Editorial for CCC '15 S3 - Gates


Remember to use this editorial only when stuck, and not to copy-paste code from it. Please be respectful to the problem author and editorialist.
Submitting an official solution before solving the problem yourself is a bannable offence.

Author: FatalEagle

A simple greedy algorithm goes like this:

For each plane, assign it to the gate with the largest number that isn't occupied.
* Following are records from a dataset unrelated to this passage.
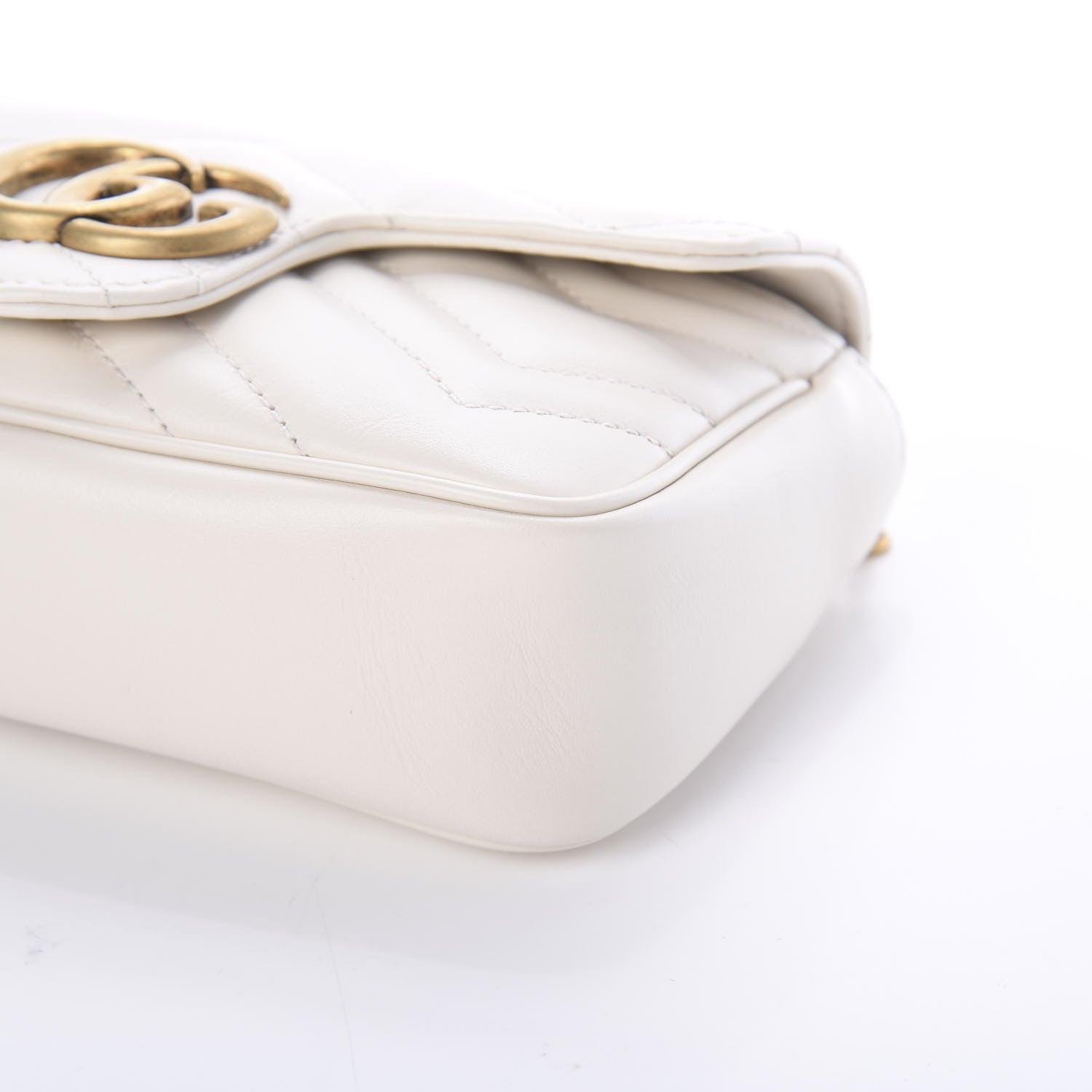 Gucci Calfskin Matelasse Super Mini GG Marmont Shoulder Bag White 7 of 7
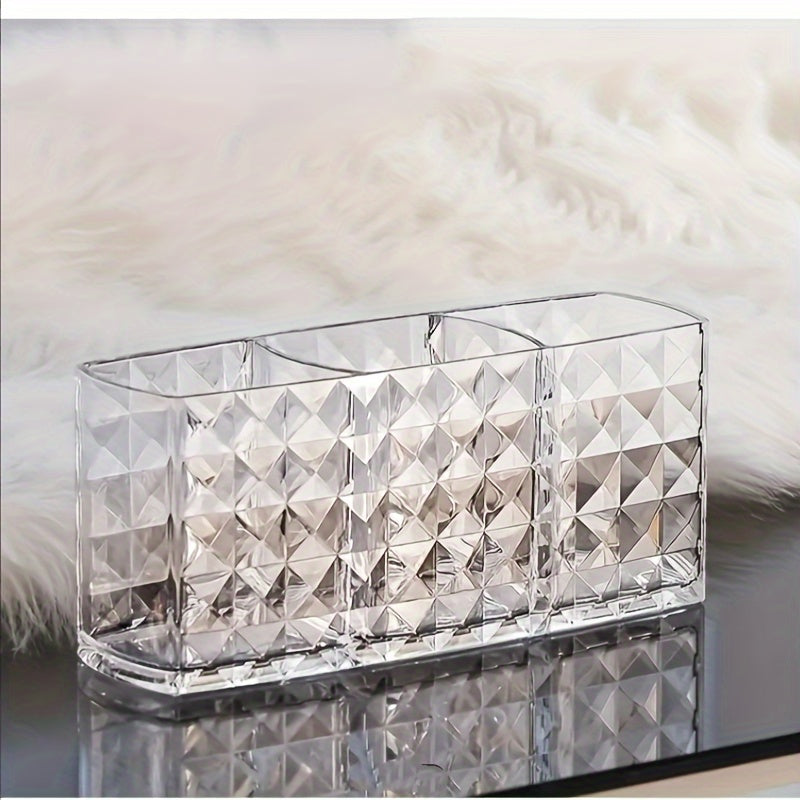 3-Slot Clear Plastic Makeup Organizer for Brushes and Eyebrow Pencils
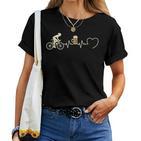 Heartbeat Bicycle Beer Humour Idea Cyclist T-shirt Frauen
It's not hard to see why this is correct — indeed, intuitively, we're using the "worst" gate we can for each plane (since a gate with a lower number can serve at least every plane a gate with a higher number can).

Implementing this naïvely will result in a complexity of \mathcal{O}(GP), which is enough for the weak data used on the actual CCC. To speed this up, we can use a balanced binary search tree to store free gates. In C++, this is the set data structure, with a final time complexity of \mathcal{O}(P \log G).


Comments


  • 0
    Frrrank  commented on Jan. 30, 2024, 3:33 p.m.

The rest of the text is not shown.